══ Dataset records
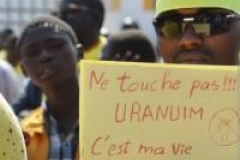 Des nigériens manifestent contre le régime et Areva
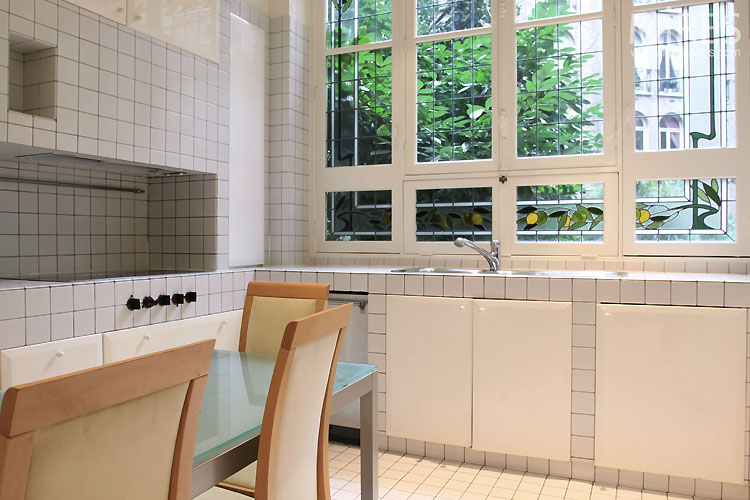 C0487 – Kitchen and white tiles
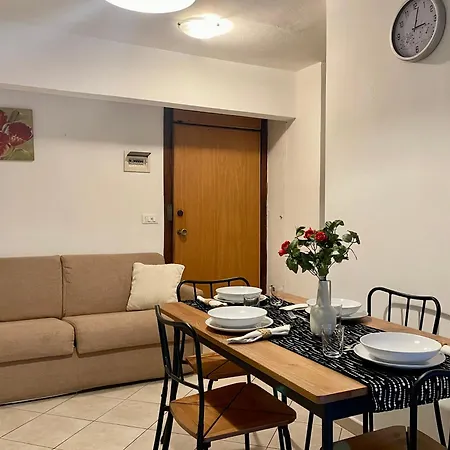150 Metri Dal Mare Bilocale Con Wi-fi In Centro. Apartment *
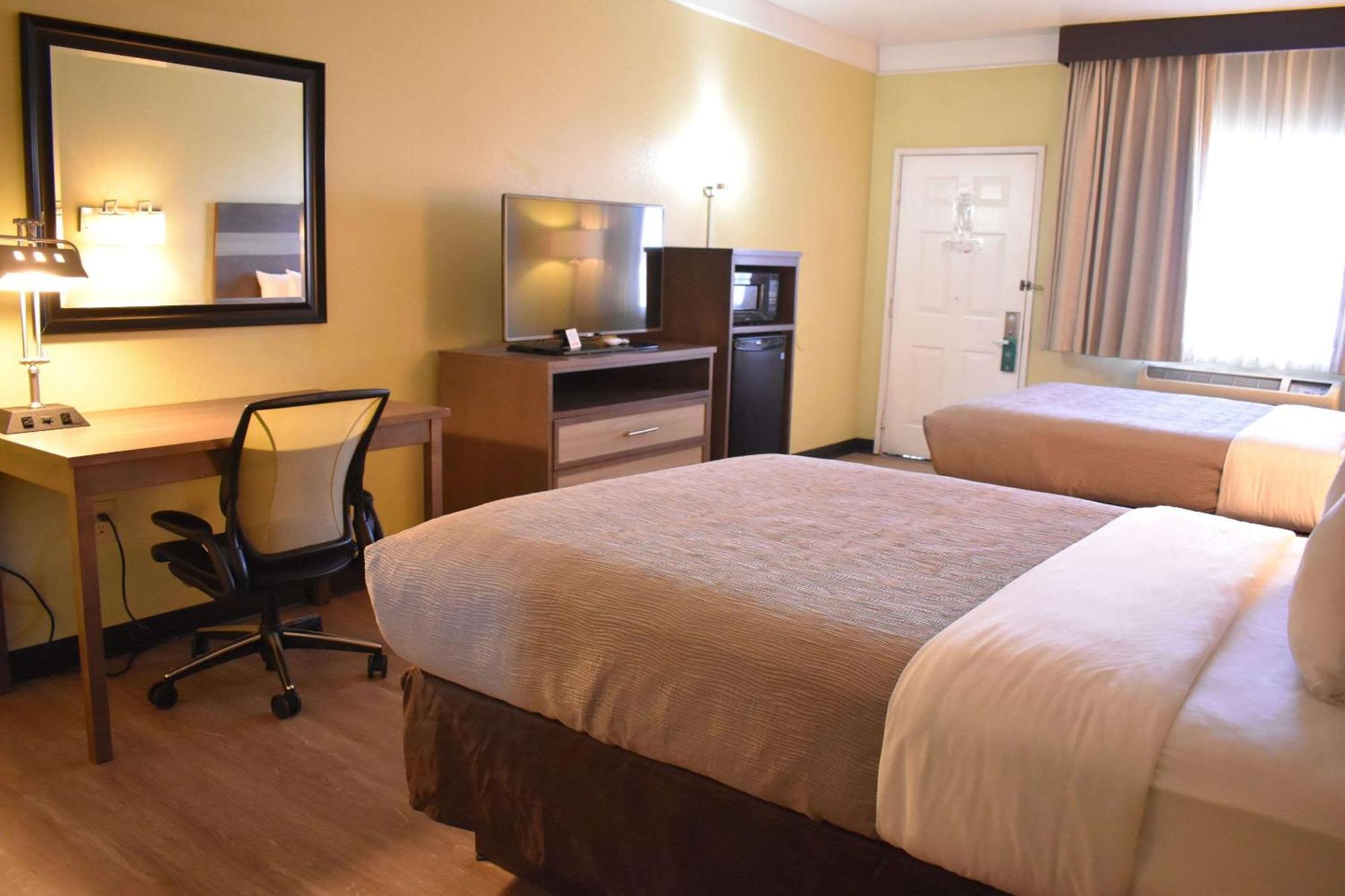 Quality Inn & Suites Gallup I-40 Exit 20 Екстериор снимка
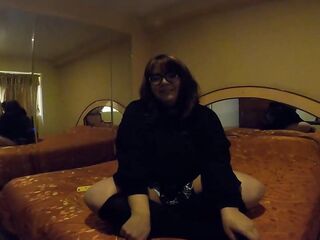 I screw a charming overweight beauty named Mimi.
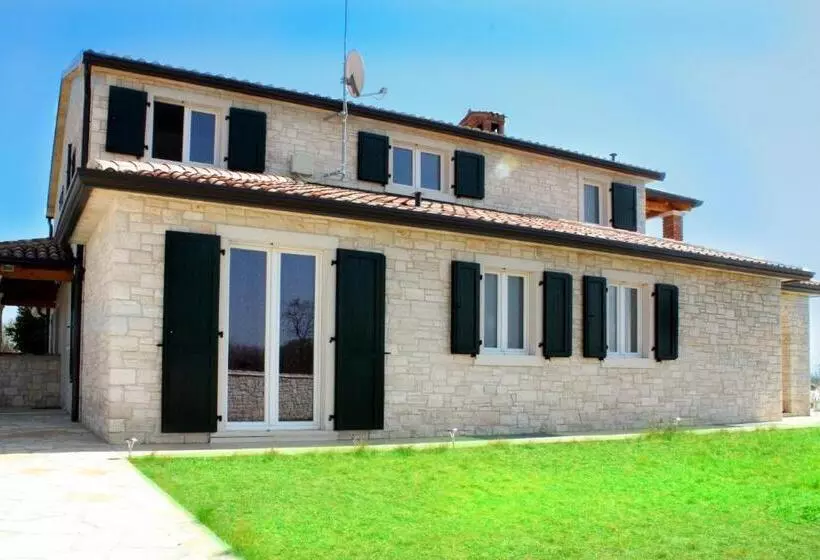 Villa Aleksandra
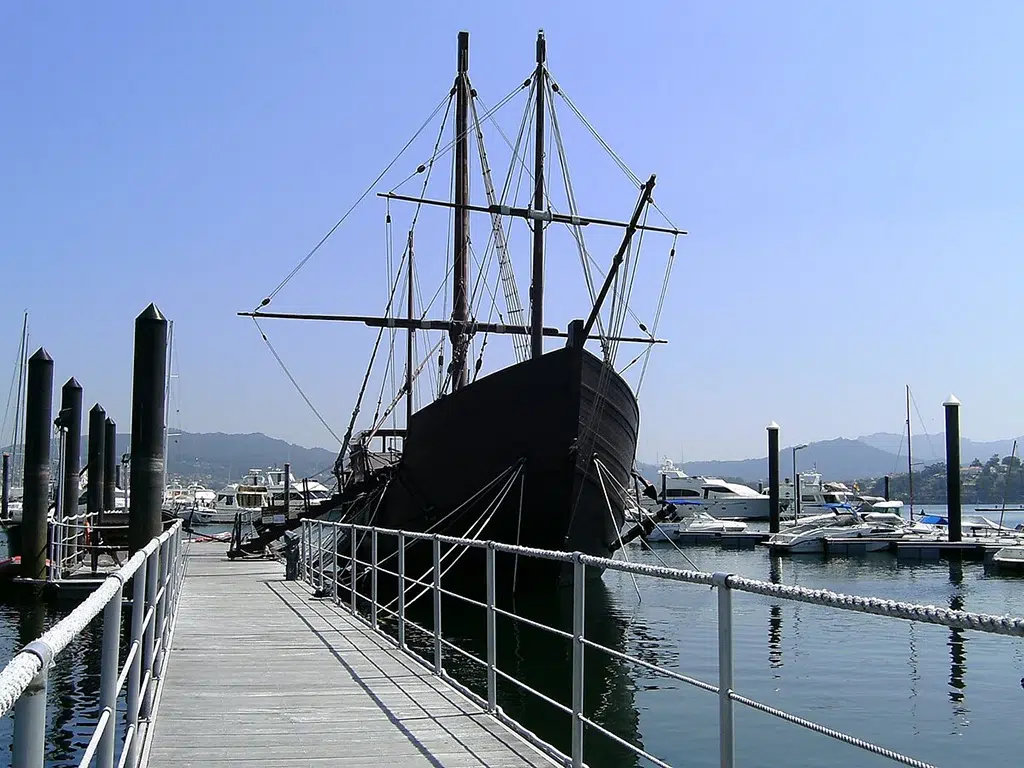 Réplica de La Pinta, una de las tres carabelas de Colón, en el puerto deportivo de Baiona (Pontevedra. Por Fran V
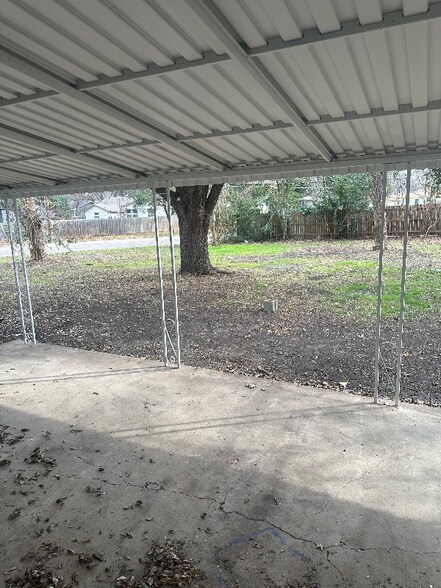 Building Photo - 4200 Harlan Ave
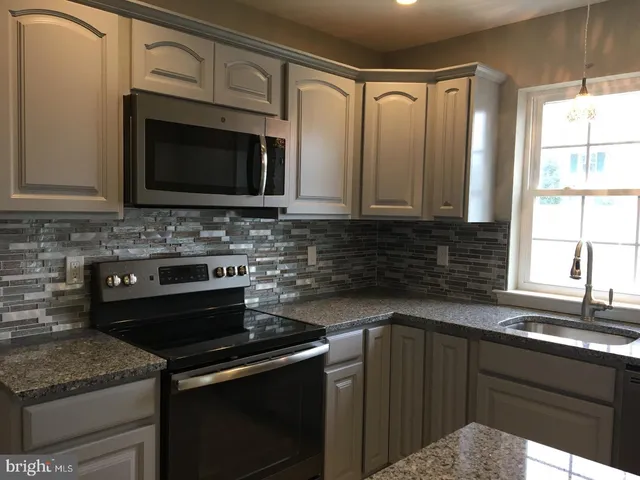 $1,925 | 1009 Juniper Street, Quakertown, PA 18951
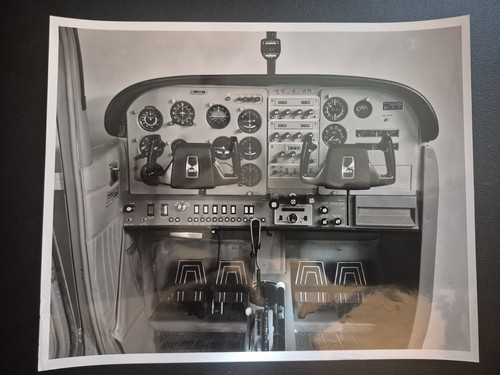 1974 cessna a185 - cessna, nero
════
Work to complete:
Copy the final stretch of the entries exactly: the line containing "Quality Inn &" and every line after it through the last. Include no pictures and nothing more.

Result for this task:
 Quality Inn & Suites Gallup I-40 Exit 20 Екстериор снимка
 I screw a charming overweight beauty named Mimi.
 Villa Aleksandra
 Réplica de La Pinta, una de las tres carabelas de Colón, en el puerto deportivo de Baiona (Pontevedra. Por Fran V
 Building Photo - 4200 Harlan Ave
 $1,925 | 1009 Juniper Street, Quakertown, PA 18951
 1974 cessna a185 - cessna, nero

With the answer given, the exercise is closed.